La cour de cassation a introduit depuis plusieurs années une autre notion, celle de « dispositions équivalentes ». Elle a énoncé le principe suivant : « Le principe de non-rétroactivité des lois répressives ne fait pas obstacle à ce qu'une loi nouvelle, se substituant à la loi ancienne par des dispositions équivalentess'applique à des faits déjà incriminés par la loi ancienne sous l'empire de laquelle ils ont été commis. » (décision 2021 ici ; 2020 ici ; cf. aussi 2023 ici). Deux définitions différentes mais au sens identique d’une même infraction peuvent donc en théorie s’appliquer successivement, et la seconde immédiatement et aux affaires en cours.

L’application de ces principes à la nouvelle loi sur les agressions sexuelles

* Des peines encourues inchangées

Avant comme depuis la modification de la définition des agressions sexuelles, les peines encourues sont les mêmes. Le législateur n’a jamais eu l’intention de les changer.
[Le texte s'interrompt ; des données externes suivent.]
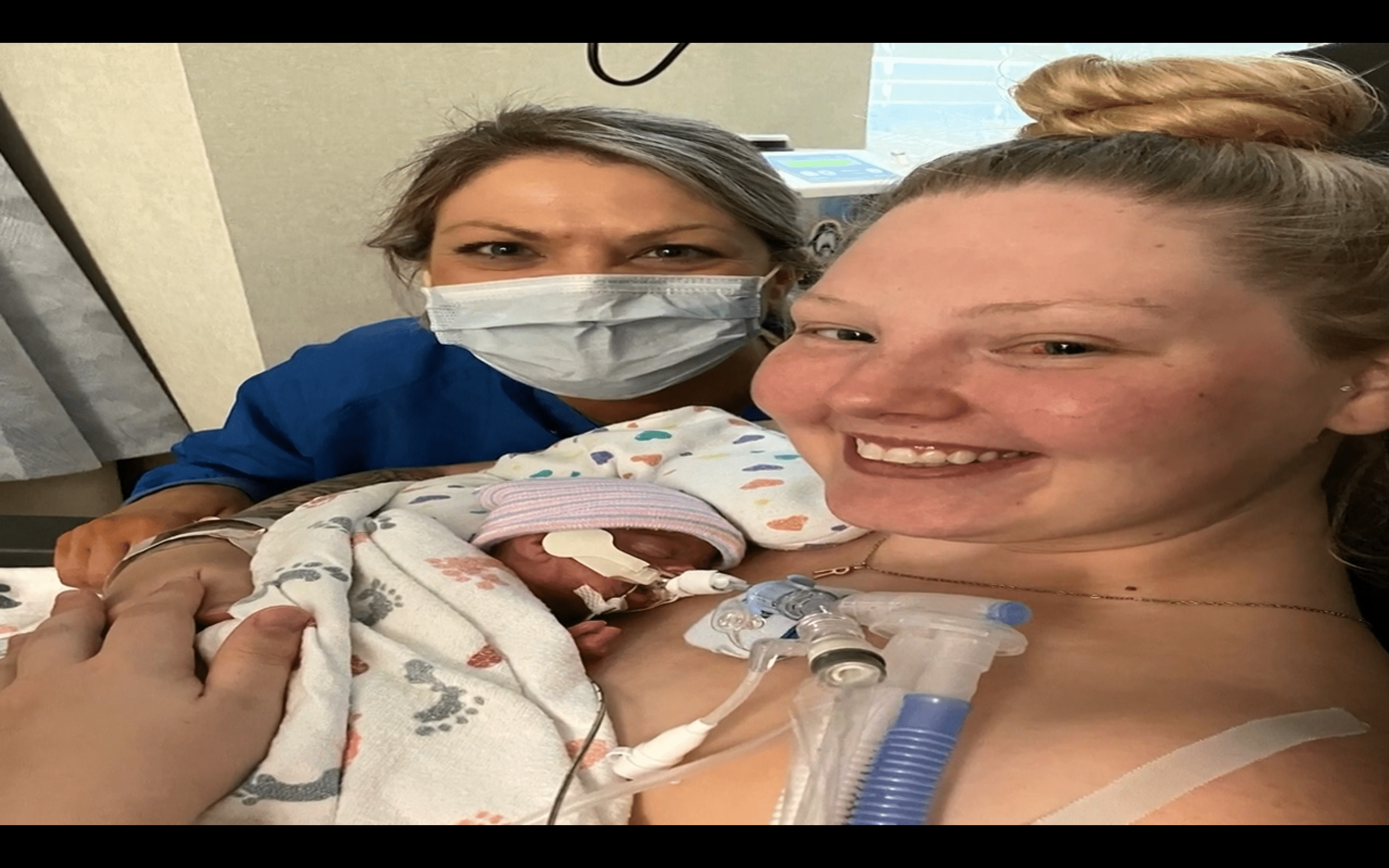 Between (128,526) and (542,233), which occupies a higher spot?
(542,233)

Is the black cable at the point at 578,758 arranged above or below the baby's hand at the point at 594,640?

Il n’y a pas sous cet angle de plus grande sévérité dorénavant, donc pas d’obstacle pour cette raison à une application immédiate de la loi.

Une définition qui n’est pas moins sévère

A aucun moment les parlementaires n’ont indiqué qu’ils voulaient rendre plus difficile la condamnation des agresseurs sexuels, et encore moins dépénaliser certains faits auparavant sanctionnés. Il est indiscutable qu’ils n’ont jamais souhaité créer un cadre juridique moins sévère.  Ce qui fait que l’on ne trouve pas ici de raison d’appliquer la nouvelle loi aux faits commis antérieurement.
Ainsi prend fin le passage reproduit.